Extra claims not allowed by Rule. How long does that arm reach? As opposed to requiring percentage, it should be allowable. Is specific wording ok? Rule encouraging use of 50% + . Contrary to IFOAM (which encourages specific percentage on label?)

(42). No different private seal. Certifiers’s Label:      Fed.Reg. 65952   (205.301ss.B(2)) private certifiers…cannot have compliance w/ anything other than national organic standards. Product Label: can you add more standards on your label? Not clear.

D. Certification

(8). Organic Plan. (Senate Report:   P. 292).      Loses the improvement clause.

(43). Not letting [private] certifiers do their job.   Intended for USDA to enter into a partnership w/ state and private certifiers. Law Also lets certifiers establish their own fees. Private certifiers can’t deny certification -only the administrator. Some feel certification programs under this rule will cease to exist. Cert. Companies may apply to become an agent of the govt. Then the govt, is ultimately responsible b/c it is their cert. Program. [Ref. Legisl. : House, Senate, and Conference.  ” legis. intent” is different from just the senate report.] Some different opinions about whether argument over “who is the certifier” is meaningful.
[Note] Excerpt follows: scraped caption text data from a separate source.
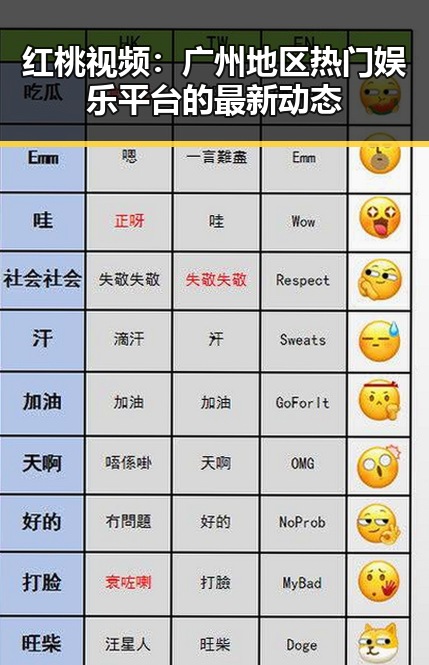 红桃视频:广州地区热门娱乐平台的最新动态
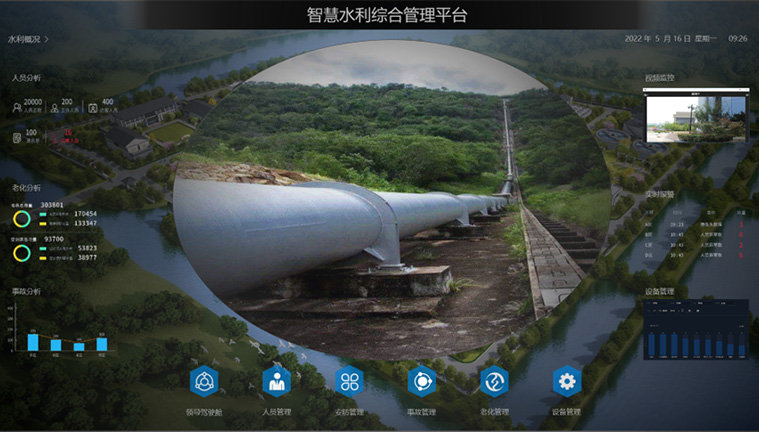 Realize one map management for water pipeline operation
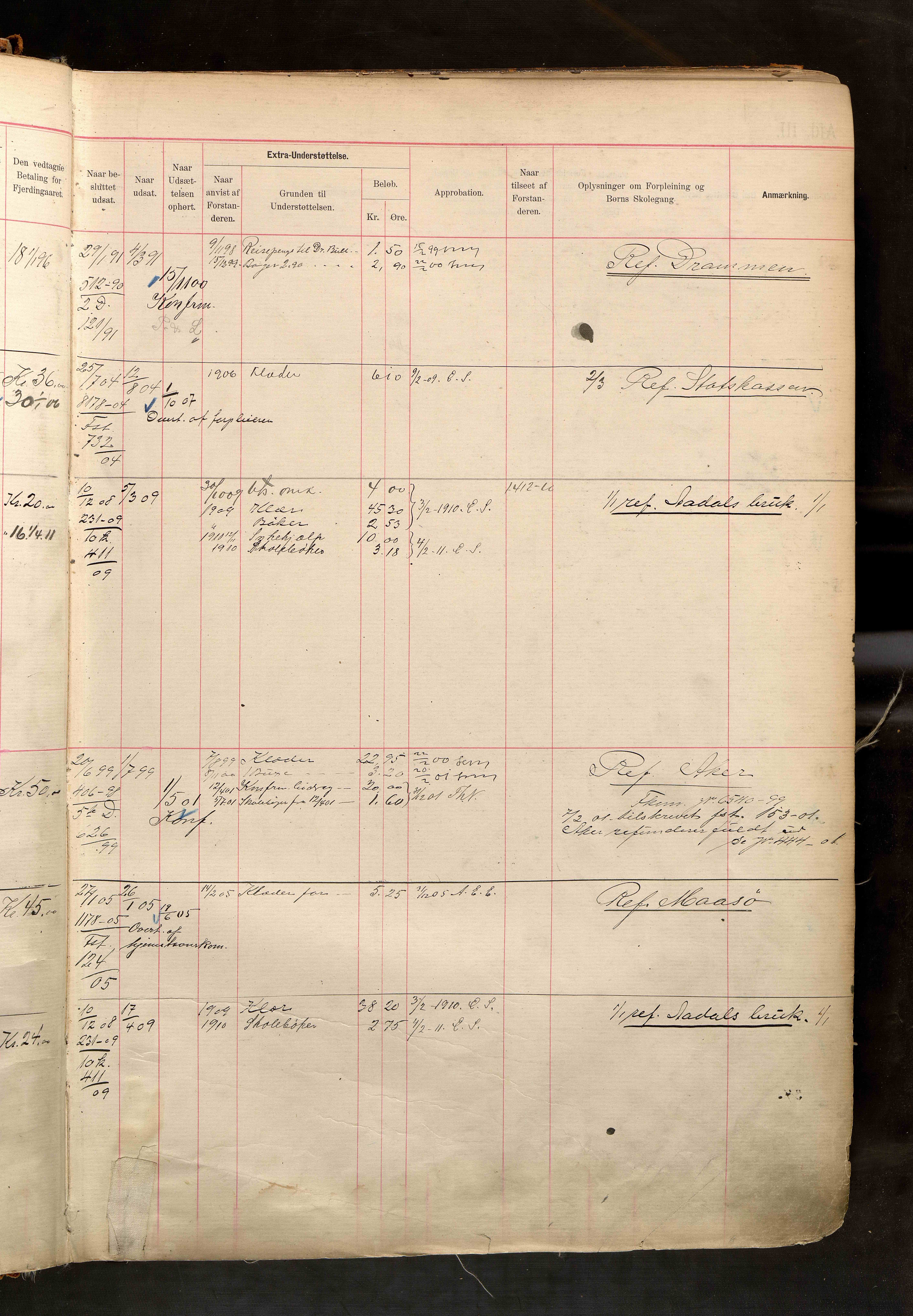 Fattigvesenet, OBA/A-20045/H/Hd/L0005: Manntallsprotokoll. Mnr. 1-500, 1897-1910, p. 48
(44).   Accreditation criteria v. certification program. Comparison between IFOAM, EU, and Rule. Different approaches to oversight of verification systems.
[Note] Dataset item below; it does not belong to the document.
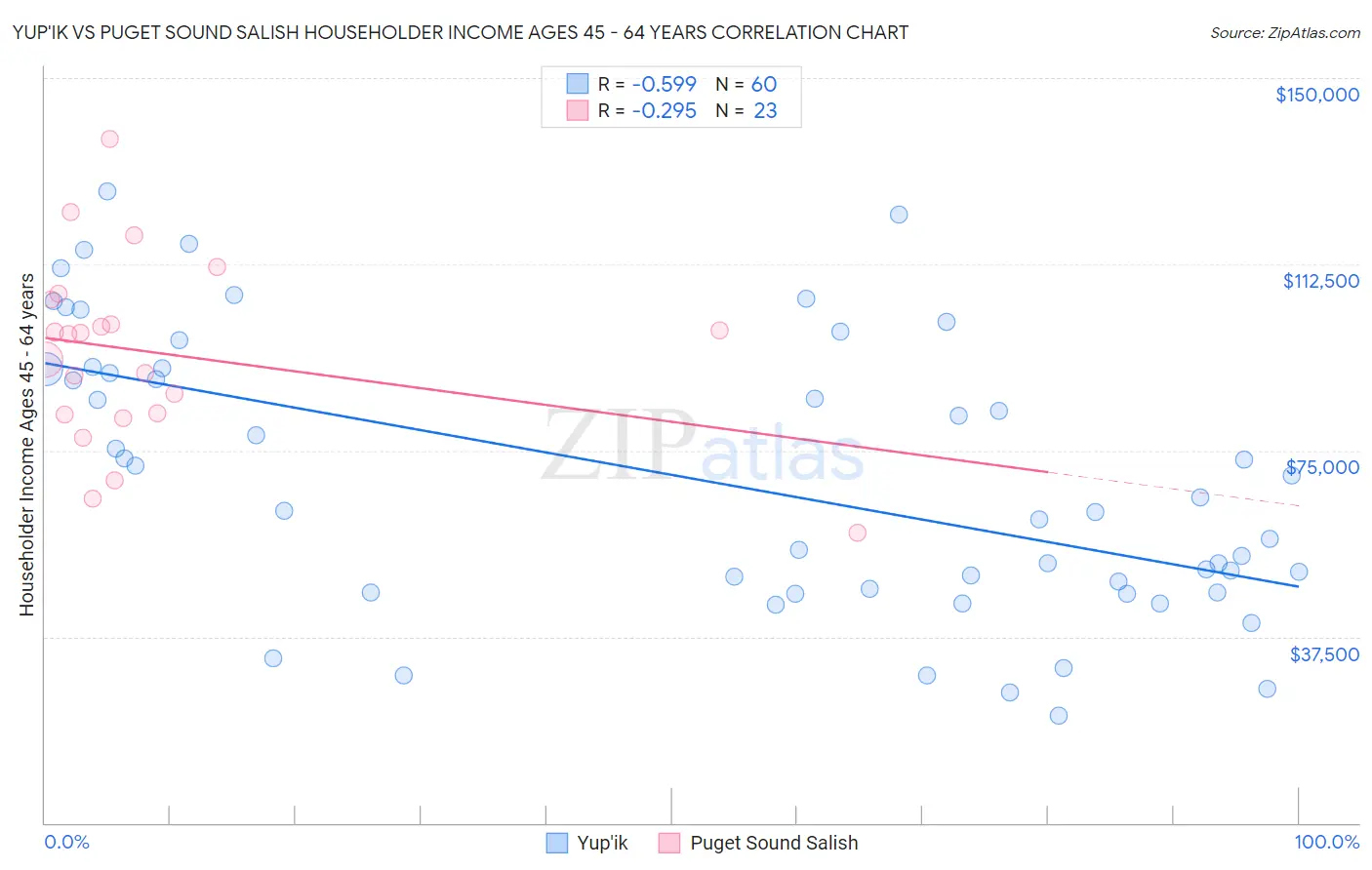 Yup'ik vs Puget Sound Salish Householder Income Ages 45 - 64 years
(45).  Small farmer exemption from certification: Is $5,000 limit severely outdated? Any way to expand exemption without changing law?
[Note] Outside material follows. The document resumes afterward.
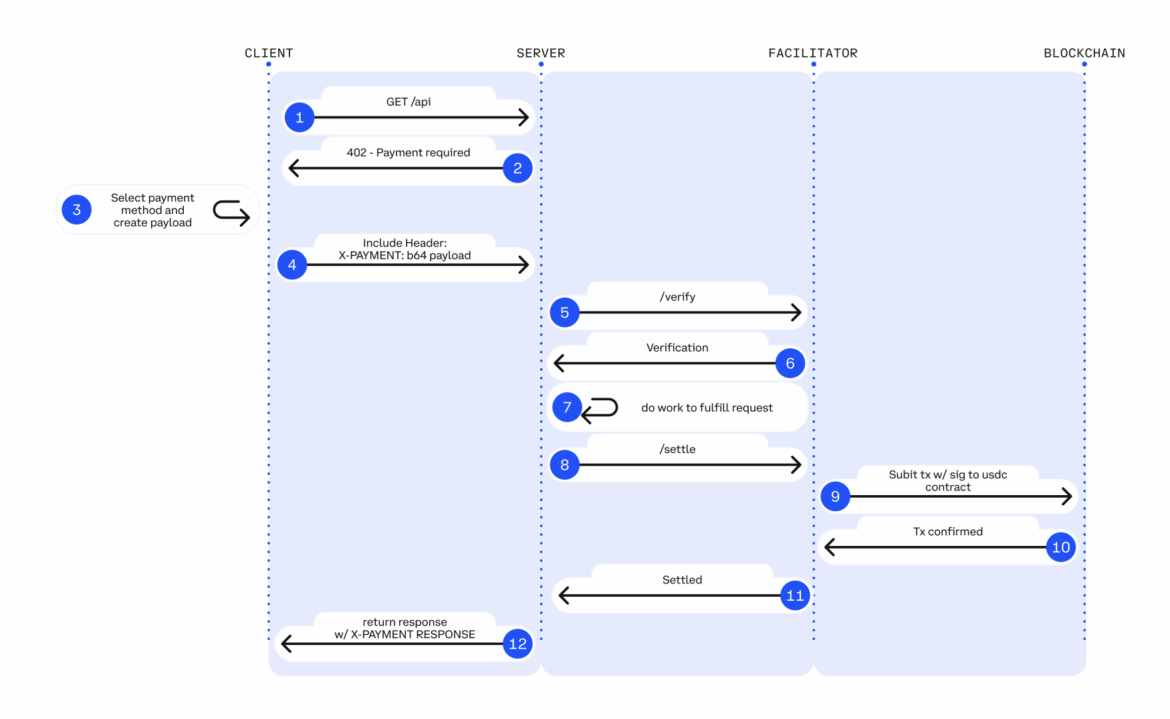 x402 Payment Flow: AI Agent ↔ AP IServer ↔ Blockchain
(46). Residue testing procedures.   NOSB conflict.    Certifier burden unaccounted for in Paperwork Reduction Act analysis.

(47). Certification sector inability to verify “performance standards”, e.g.      “Measurable degradation”. Rule seems to eliminate existing requirements for documentation of producer/handler actions/inputs.

E. Accreditation

(49).  “Additional Security” What does reasonable security mean? Prevents the private certifiers from applying, for fear it would be onerous. Taking the power away, but then require bonds.

(50). How much latitude given to certifiers?   Rule gives broad ability for certifiers to interpret, but no incentive to be more rigorous. Sets up a “Race to the Bottom” as clients are drawn to most lax certifiers.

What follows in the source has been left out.